Activity:
All lines in the records below from the line with "غرفه 12 قطعه" through the line with "إلى الدعم الفني**" are to be given again exactly, both ends included; the pictures are to be left out.

:: Information

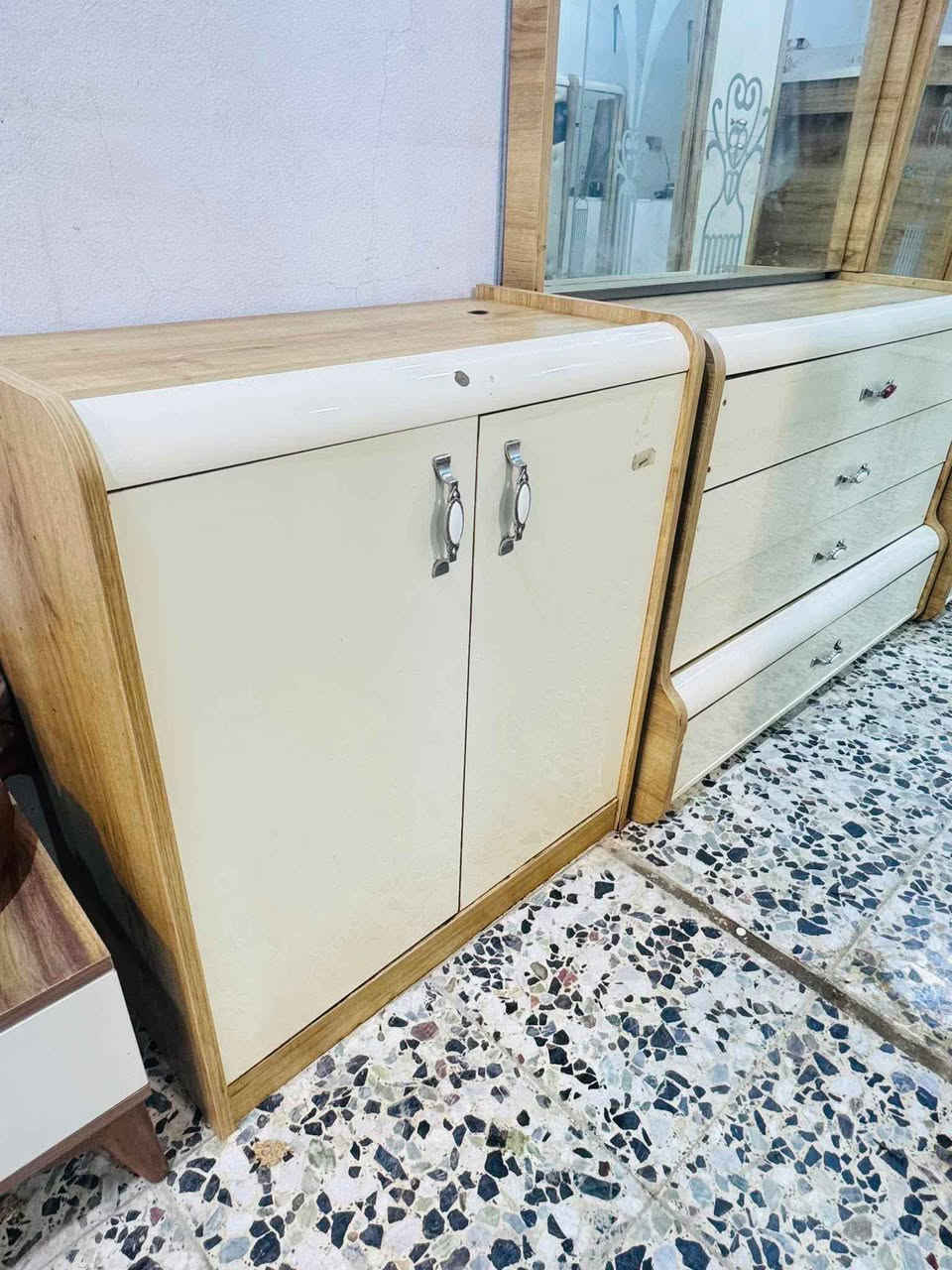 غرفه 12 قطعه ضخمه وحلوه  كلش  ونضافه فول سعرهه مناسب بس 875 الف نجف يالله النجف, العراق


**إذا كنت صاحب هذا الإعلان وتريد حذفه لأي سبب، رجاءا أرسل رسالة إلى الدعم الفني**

::::
:: Information

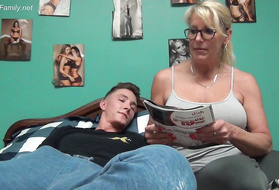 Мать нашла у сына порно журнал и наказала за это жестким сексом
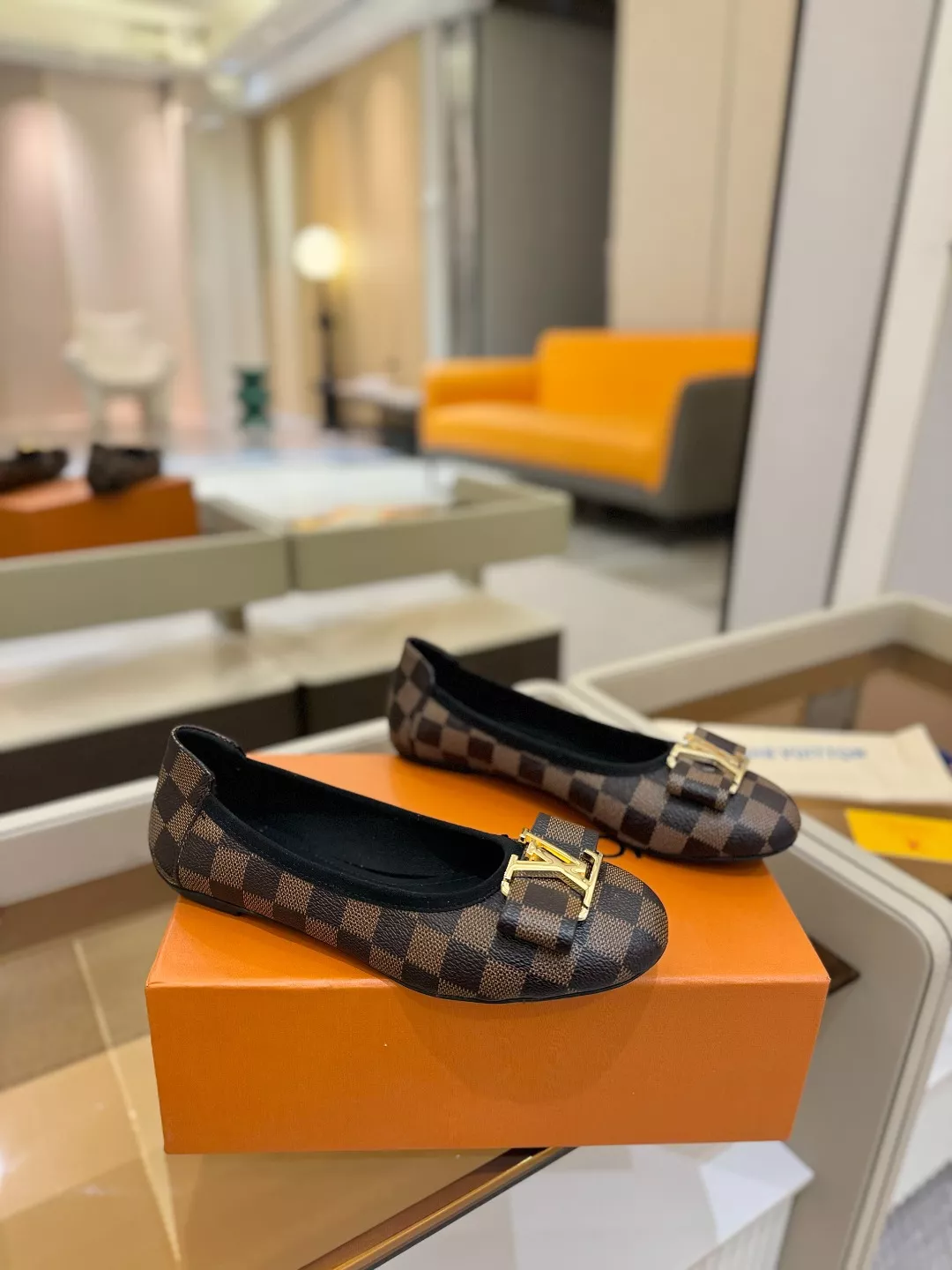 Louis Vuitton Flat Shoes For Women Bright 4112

::::
:: Information

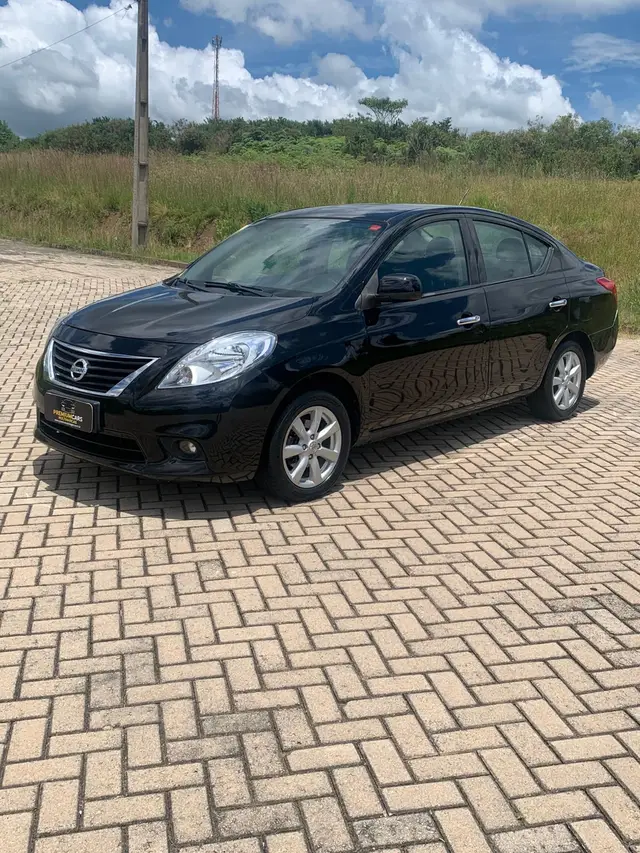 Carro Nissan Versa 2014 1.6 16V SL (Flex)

::::

Worked solution:
 غرفه 12 قطعه ضخمه وحلوه  كلش  ونضافه فول سعرهه مناسب بس 875 الف نجف يالله النجف, العراق


**إذا كنت صاحب هذا الإعلان وتريد حذفه لأي سبب، رجاءا أرسل رسالة إلى الدعم الفني**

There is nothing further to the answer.